### RECORDS SHOWN

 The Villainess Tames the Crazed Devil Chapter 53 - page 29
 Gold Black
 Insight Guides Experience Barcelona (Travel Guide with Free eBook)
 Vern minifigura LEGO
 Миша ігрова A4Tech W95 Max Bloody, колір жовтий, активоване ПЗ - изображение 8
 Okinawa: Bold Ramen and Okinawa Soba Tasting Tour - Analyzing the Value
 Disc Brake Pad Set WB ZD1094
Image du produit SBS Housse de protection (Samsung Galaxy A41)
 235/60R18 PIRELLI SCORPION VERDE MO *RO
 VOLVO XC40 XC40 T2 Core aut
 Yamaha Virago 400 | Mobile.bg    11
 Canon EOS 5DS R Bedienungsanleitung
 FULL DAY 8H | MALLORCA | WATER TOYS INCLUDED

--

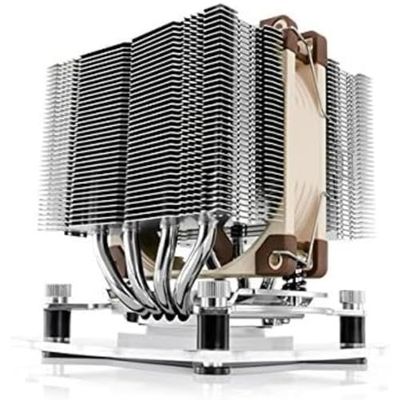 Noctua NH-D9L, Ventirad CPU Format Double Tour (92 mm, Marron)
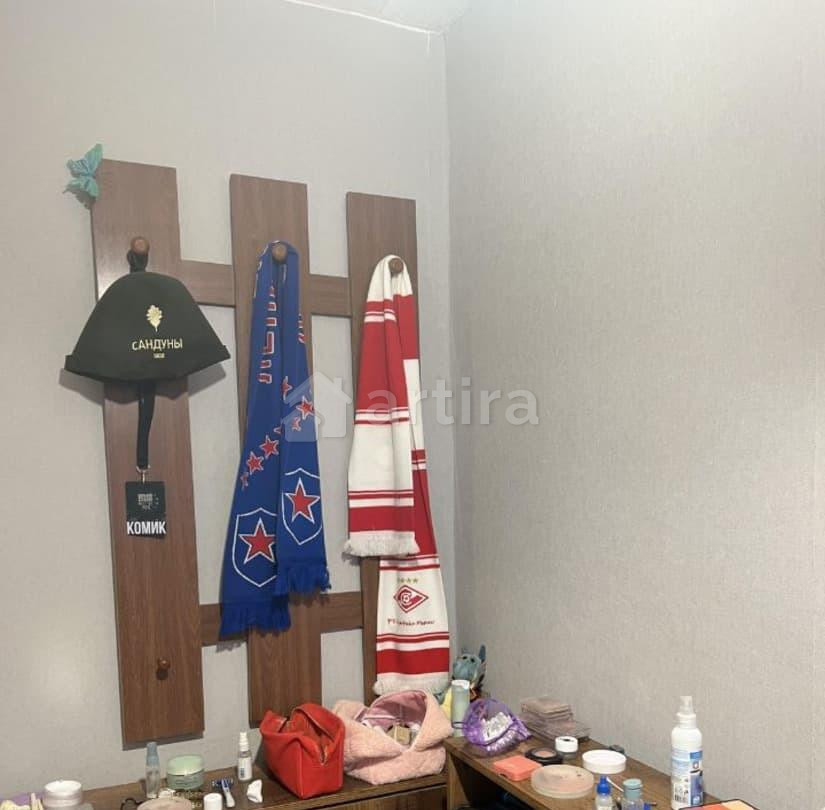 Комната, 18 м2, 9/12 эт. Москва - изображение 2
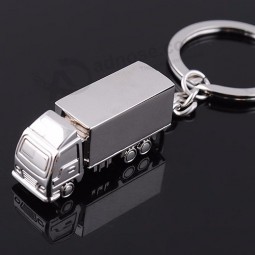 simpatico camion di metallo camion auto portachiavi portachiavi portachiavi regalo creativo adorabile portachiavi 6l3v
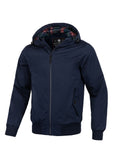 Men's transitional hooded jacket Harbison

==

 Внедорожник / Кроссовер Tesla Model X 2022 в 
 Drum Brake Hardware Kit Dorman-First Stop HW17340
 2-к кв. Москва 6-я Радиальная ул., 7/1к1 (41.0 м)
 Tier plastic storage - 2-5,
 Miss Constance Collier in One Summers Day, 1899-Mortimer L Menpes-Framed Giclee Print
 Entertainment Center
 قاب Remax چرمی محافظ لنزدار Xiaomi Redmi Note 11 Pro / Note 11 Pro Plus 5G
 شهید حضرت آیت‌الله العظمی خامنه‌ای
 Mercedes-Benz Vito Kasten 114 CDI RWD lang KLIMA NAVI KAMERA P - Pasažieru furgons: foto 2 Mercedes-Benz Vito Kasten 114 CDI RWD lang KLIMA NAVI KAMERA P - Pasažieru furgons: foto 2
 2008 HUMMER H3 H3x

### TASK ITEM
Copy each line holding the word "Brake" from the listing above.

### ANSWER BOX
 Disc Brake Pad Set WB ZD1094
 Drum Brake Hardware Kit Dorman-First Stop HW17340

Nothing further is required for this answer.